20 января, в день рождения Дэвида Линча (ему исполнилось 74 года) на Netflix внезапно вышел его короткий метр «Что сделал Джек?». Премьера ленты состоялась в Париже в 2017 году, а позднее, в 2018-м, была показана в Нью-Йорке. Анна Стрельчук — о подтексте новой работы Линча.
В этом стилизованном под пленку «нуаре» Линч одновременно в роли режиссера, сценариста, композитора, художника-постановщика и актера: он играет детектива, который проводит допрос обезьяны Джека (предположительно рот и голос обезьяны — это тоже Линч) — опасного мафиози, подозреваемого в убийстве, членстве в коммунистической партии и криминальных связях со всякими сомнительными птицами. Сюрреалистичное действие фильма происходит в закусочной на вокзале.
Проект Линча для Netflix снят при поддержке одного из крупнейших фондов современного искусства Fondation Cartier (гигантский капиталистический храм совриска в Париже), что неудивительно, ведь именно короткие метры режиссера — это пространство чистого арта, безумия и свободы с самых первых работ: «Шесть блюющих мужчин» (1966), «Абсурдная встреча со страхом» (1967), «Алфавит» (1968), «Бабушка» (1970) и других.
Ко многим короткометражкам Линч (как и здесь) писал музыку сам, так что другая недавняя картина «Муравьиная голова» (2018) представляет собой «живое полотно» — статичное изображение под авангардный индастриал Линча-композитора; на котором муравьи в течение 13 минут ползают по головке сыра в виде изуродованного лица на фоне урбанистического пейзажа.
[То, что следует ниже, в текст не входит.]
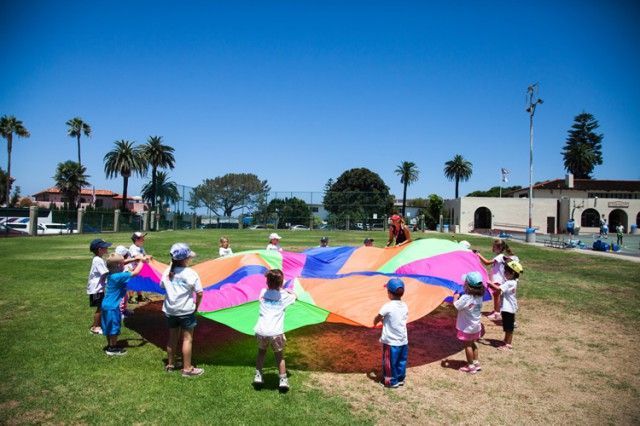 A group of children are playing with a colorful parachute in a field.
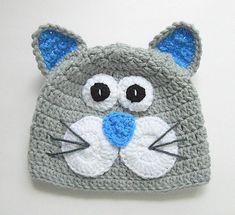 a crocheted gray cat hat with blue eyes and ears is shown on a white surface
Визуальные решения же короткометражных фильмов «Индустриальная симфония #1. Сон девушки с разбитым сердцем» (1990) и «Индустриальный звуковой пейзаж»/«Индустриальный саундшафт» (2008) и вовсе подчинены логике и структуре их музыкального сопровождения, опять же полностью или частично (в «Индустриальной симфонии #1» музыка написана в соавторстве с Анджело Бадаламенти) созданного режиссером.
«Что сделал Джек?», без сомнения, самый смешной фильм Дэвида Линча, однако, (пост-)ирония здесь граничит с абсурдом, а юмор — с обезоруживающей наивностью. Смешное — всегда «какая-нибудь ошибка или уродство, не причиняющее страданий»Из «Поэтики» Аристотеля — здесь и далее примечание редакции, внутреннее несоответствие, несовершенство, абсурд и гротеск — обратная его сторона. Это смешение в целом характерно для режиссера и достигает апогея в «Кроликах» (2002), абсолютно беккетовском интернет-проекте с элементами ситкома.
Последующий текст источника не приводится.